The other paradigm is “modernity”, where “progress” is the central driving force instead; and morality and ethics, while related, are subordinate to the ideas of progress as a self-evident truth. He traces this from ideas emergent during the European enlightenment. The separation of church and state, the “is” vs “ought” distinction, and how this has lead to what he perceives as a moral vacuumn in modernity.
In this sense I can see what Wael is coming to. Within the current nation state framework, a lot of our inherited post-colonial state apparatus, assumptions, and even our ways of relating to each other, stem from modernity of the European tradition as a paradigm, where the evermarching pace of progress is self-evident. In here, in contrast to Sharia, progress, instead of morality, is the ends.

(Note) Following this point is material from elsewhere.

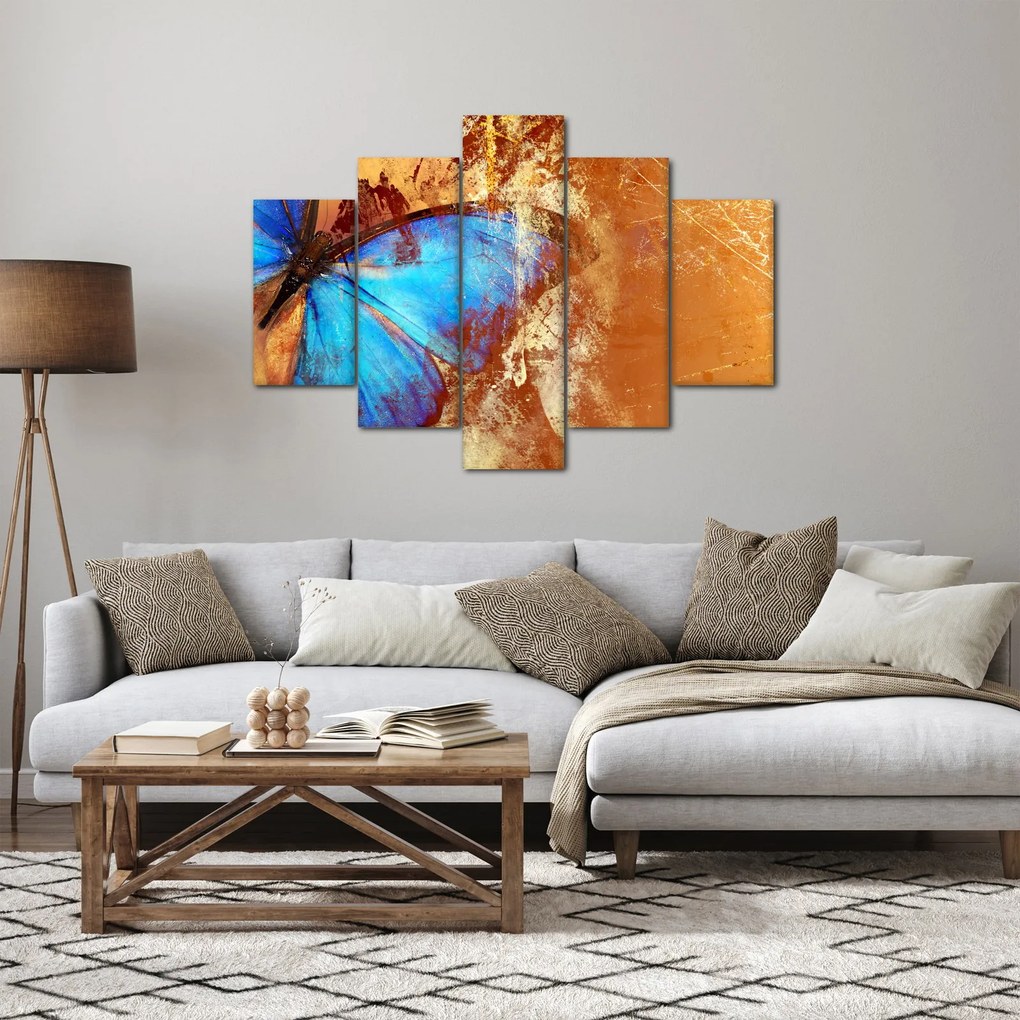Obraz - Modrý motýľ (150x105 cm)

And so Wael then points that to even conceive of what Sharia could or should look like, we need to draw on from precolonial Islamic thought for inspiration (in the sense of a moral based paradigm). He pre-empts critique surrounding nostalgia (ie: the idea that of the “good ol days”), highlighting that this is another conception of modernity, that holds the present as the most important thing, and indeed the modernist project is specifically geared around framing the past to reinforce the present. The nostalgia critique is further addressed, because as he notes that this implicitly presupposes that “progress” cannot be questioned.
Personal Thoughts
The rest of the introduction here expands on this more, but at core Chapter 1 is really a critique on modernity, and I do find his notes persuasive thus far. But then, comes the “So What?” for Malaysia. Is Malaysia as a project doomed to fail? Is the Green Wave for that matter misguided, and is Anwar’s courting of the religious right in Malaysia doomed to contradiction if we follow it to its conclusion? Can the idea of nation building, and citizenship be reconciled within a paradigm where really, God is the highest authority? Can we conceive of social organisation outside of the idea of the nation state?
Other questions arise. With Wael’s critique of modernity, does this explain the rise of the Degrowth movement in the UK? And more specifically with the incompatibility beween Islam and Modernity, how does this explain the USA’s failed attempts for nation building in Afghanistan and Iraq?
I don’t have the answers to this yet, and I suspect that Wael doesn’t either, but I’m interested enough to find out more.